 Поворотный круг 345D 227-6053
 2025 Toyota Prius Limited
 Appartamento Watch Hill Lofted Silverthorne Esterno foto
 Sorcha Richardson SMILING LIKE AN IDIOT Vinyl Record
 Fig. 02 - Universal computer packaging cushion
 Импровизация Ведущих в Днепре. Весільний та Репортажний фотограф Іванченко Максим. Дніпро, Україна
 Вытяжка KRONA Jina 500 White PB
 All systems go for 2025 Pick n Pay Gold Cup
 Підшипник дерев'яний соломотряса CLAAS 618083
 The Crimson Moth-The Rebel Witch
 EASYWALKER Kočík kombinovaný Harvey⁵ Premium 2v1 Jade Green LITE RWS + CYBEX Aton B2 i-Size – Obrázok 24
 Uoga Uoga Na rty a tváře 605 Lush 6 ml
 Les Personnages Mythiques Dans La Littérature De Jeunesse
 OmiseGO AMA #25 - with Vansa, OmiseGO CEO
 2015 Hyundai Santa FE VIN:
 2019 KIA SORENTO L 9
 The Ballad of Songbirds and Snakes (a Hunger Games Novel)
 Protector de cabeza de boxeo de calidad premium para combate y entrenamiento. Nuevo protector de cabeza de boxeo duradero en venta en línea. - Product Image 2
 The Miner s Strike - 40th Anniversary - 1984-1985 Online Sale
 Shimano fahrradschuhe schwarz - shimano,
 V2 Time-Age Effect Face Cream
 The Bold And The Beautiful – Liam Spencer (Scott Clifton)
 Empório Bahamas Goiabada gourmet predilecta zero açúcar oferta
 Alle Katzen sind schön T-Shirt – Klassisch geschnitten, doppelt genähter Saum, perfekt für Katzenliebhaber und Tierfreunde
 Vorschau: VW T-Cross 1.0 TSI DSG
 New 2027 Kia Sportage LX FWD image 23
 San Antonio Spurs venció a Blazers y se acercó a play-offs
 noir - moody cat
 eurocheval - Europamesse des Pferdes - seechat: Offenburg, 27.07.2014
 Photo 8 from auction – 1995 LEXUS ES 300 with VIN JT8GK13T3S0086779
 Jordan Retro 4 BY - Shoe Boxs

========

-- Task directions --
Lines from the one containing "Alle Katzen sind" through the last line of the records, restated word for word: that is the whole response.

-- Problem solution --
 Alle Katzen sind schön T-Shirt – Klassisch geschnitten, doppelt genähter Saum, perfekt für Katzenliebhaber und Tierfreunde
 Vorschau: VW T-Cross 1.0 TSI DSG
 New 2027 Kia Sportage LX FWD image 23
 San Antonio Spurs venció a Blazers y se acercó a play-offs
 noir - moody cat
 eurocheval - Europamesse des Pferdes - seechat: Offenburg, 27.07.2014
 Photo 8 from auction – 1995 LEXUS ES 300 with VIN JT8GK13T3S0086779
 Jordan Retro 4 BY - Shoe Boxs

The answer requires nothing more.